Was there a mixing of value?

  • Was labor, materials, or both added?

  • Can the addition be separated?

Was the trespass innocent or intentional?

  • Innocent: true owner can sue for conversion or replevin

    • Unless:

      • Complete change or great increase in value

      • Addition can be separated

  • Intentional: true owner can sue for conversion or replevin

    • Amount of change irrelevant

    • Generally, trespassers and thieves acquire nothing

increase

  • The offspring or increase of tame or domestic animals belongs to the owner of the female

  • The increase of the increase belongs to the owner of the original stock

the commons

  • Cultural and natural resources that belong to the public

the tragedy of the commons

  • Resources held in common can incentivize a race to exploit the resources, often leading to social, economic, and environmental externalities​.

  • Negative externalities: pollution, overfishing, littering

  • Positive externalities: free-riders

oil and gas

  • First possession vests title: apply first in time, first in right

  • There are separate rules for determining who gets to capture the resource (more in a later class)

  • Subject to federal and state regulations

watercourses

  • Surface waters: rivers, streams, creeks, lakes, etc.

  • Generally: Natural trumps artificial uses (e.g.

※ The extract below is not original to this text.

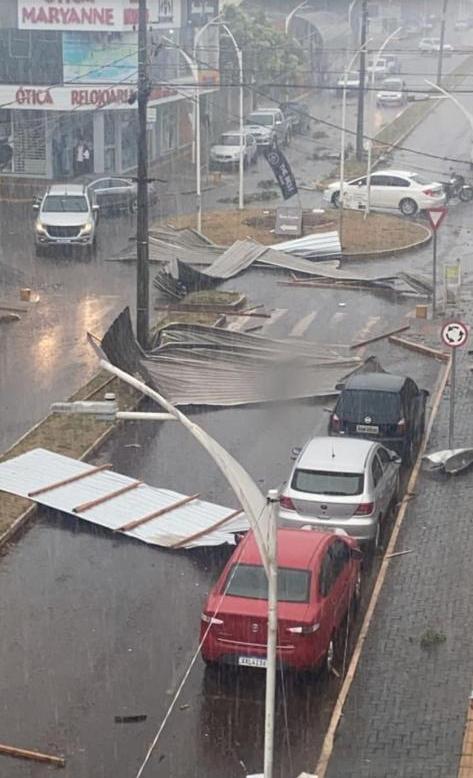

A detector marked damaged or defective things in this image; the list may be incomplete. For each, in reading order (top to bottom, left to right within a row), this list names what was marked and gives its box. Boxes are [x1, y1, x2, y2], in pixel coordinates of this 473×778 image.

crumpled metal panel [0, 446, 251, 548]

Household consumption trumps Industrial)

  • Riparian (Eastern states): water belongs to the landowners adjacent to the water. May not materially dimmish quantity, quality, or velocity.

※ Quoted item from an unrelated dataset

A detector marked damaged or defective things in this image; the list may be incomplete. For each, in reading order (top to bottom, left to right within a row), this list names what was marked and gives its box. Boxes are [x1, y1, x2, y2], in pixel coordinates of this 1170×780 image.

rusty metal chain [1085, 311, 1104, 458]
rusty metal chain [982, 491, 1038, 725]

  • Prior appropriation (Western states): first in time, first in right

ground water

  • Underground water

  • English rule: first possession of water owns it

  • American rule: reasonable use

  • Statutory allocation: e.g., the Colorado Water Compact 

capture

bundle of rights

  • Exclusion

    • Most essential stick in the bundle of rights. Kaiser Aetna​

    • "[T]hat sole and despotic dominion which one man claims and exercises over the external things of the world, in total exclusion of the right of any other." Blackstone

  • Transfer

  • Destroy

  • Control

  • Enjoyment/Exploitation

trespass

  • An unprivileged encroachment on land or a chattel

  • Without the owner’s consent

  • Lack of necessity

  • AND Not otherwise justified by public policy

Trespass & Necessity

  • Balancing test: "“Necessity exonerates one who commits a crime under the pressure of the circumstances if the harm would have resulted from compliance with the law. . . exceeds the harm actually required from defendant’s violation

  • Requires:

    • Clear and imminent danger outweighs other potential harm;

    • Reasonable expectation of abatement;

    • No legal alternatives;

    • AND Legislature has not precluded the defense

Trespass & Public Policy

  • Protect the integrity of the Legal System

  • Maintain owner's confidence in their rights and the law

  • Avoid self help measures (which lead to conflict)

  • The Sovereign cannot criminalize a person's homelessness, but can place reasonable restrictions on and punish invasions of others right to exclude

Trespass Damages

  1. Actual damages

  2. Nominal damages

  3. Punitive damages

    • Note: If the defendant has caused no compensable harm, public policy demands more than a nominal remedy to discourage future trespassing

The Takings Clause

  • U.S. Const. Amend. V: “[N]or shall private property be taken for public use, without just compensation.”

  • Note:

    • All Government regulation results in an adjustment or reallocation of rights.

    • These adjustments curtail use or economic exploitation.

    • Government could not function if it paid value for every adjustment.

    • So the denial of one strand of the bundle of rights is not a destruction of property amounting to Taking. Nor is there an abstract or fixed point at which something becomes a Taking. Factual inquiry. 

Dead-hand control

  • The Common Law has a natural hostility toward dead-hand control of property rights. Dead-hand control occurs when a decedent uses a devisement of property to control their beneficiaries after they are dead. (Why should the living suffer the whims and capriciousness of the dead?)

  • While the Sovereign can permit inheritance rights, it is not required to do so. A Sovereign may abolish the right or otherwise regulate, tax, or place limitations on it.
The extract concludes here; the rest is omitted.